Philippe Verdy verdy_p at wanadoo.fr
Mon Mar 3 21:01:54 UTC 2008


> De : Lawrence Rosen [mailto:lrosen at rosenlaw.com] 
> Envoyé : lundi 3 mars 2008 19:07
> À : 'License Discuss'
> Objet : RE: Public domain software is not open-source?
> 
> Alexander, 
> 
> This copyrighted email is hereby licensed under AFL 3.0. 
> Copying this email in violation of those license terms is 
> hereby prohibited.

You forgot to give the copyright notice (independantly of the licence
providing grants of use or transmission and forwarding)... You are in
trouble because of violation of your own terms by yourself!

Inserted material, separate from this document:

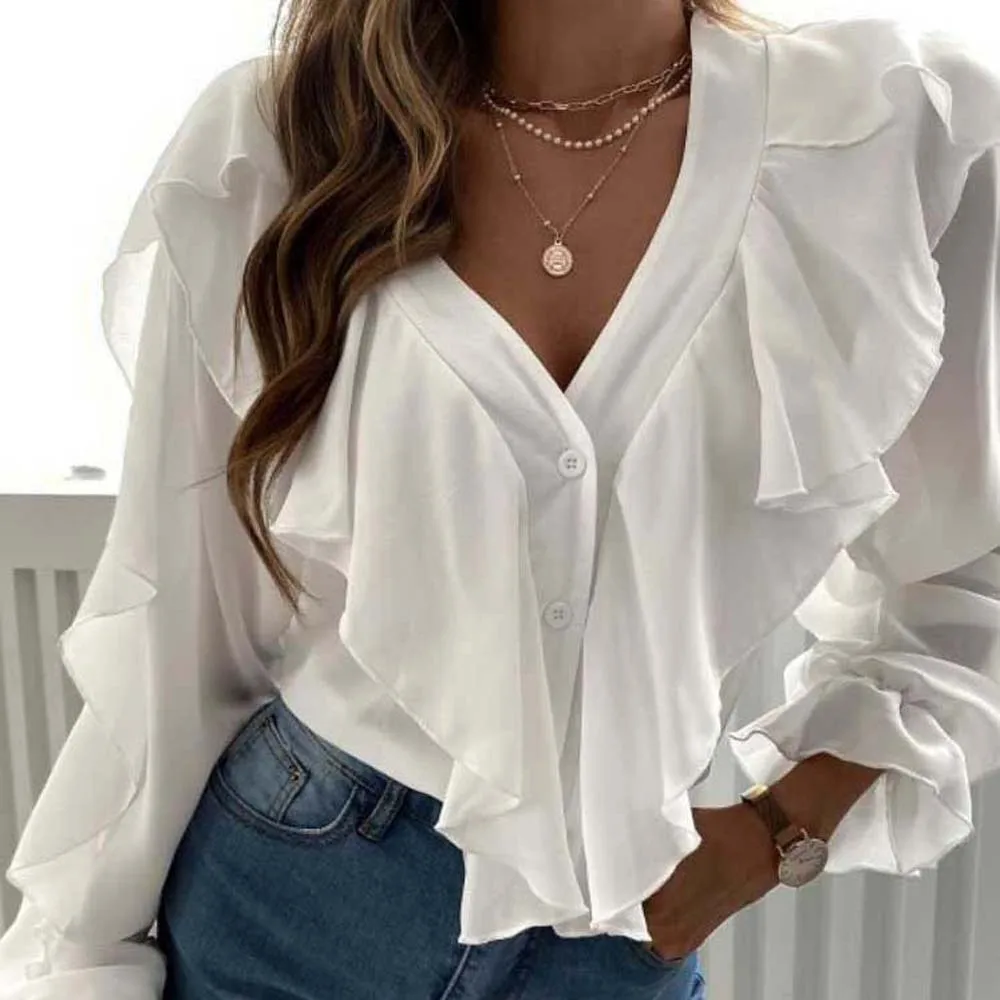 Women Fashion Blouse Solid Color Long Sleeve Ruffle Patchwork Slim Pullover Western Style Elegant Chic Ladies Blouse For Summer
Women Fashion Blouse Solid Color Long Sleeve Ruffle Patchwork Slim Pullover Western Style Elegant Chic Ladies Blouse For Summer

Because I recieved your email from at least two third-parties (the
opensource.org site admin forwarding emails posted to this list, and my ISP
for receiving the email via SMTP and storing it in its own mailbox, before
deliving it to me later on mly request by POP3), they are also in violation.

Hmmmm... Email is subject to postal regulation and law, and considered as
private correspondance, even if it's sent to a "public" list. The copyright
law is difficult to use for emails, but the moral and derived author rights
are assumed, as well as other regulation by the email networking policy that
almost all ISP have accepted in the world with the RFC/BCP known as the
"netiquette". But an email is not sublicenciable by any recipient, or even
redistributable or freely modifiable, so it would break the AFL licence. The
netiquette, the postal laws and the AFL are not compatible with each other.
Don't expect any licence to become valid on emails in order to cover them.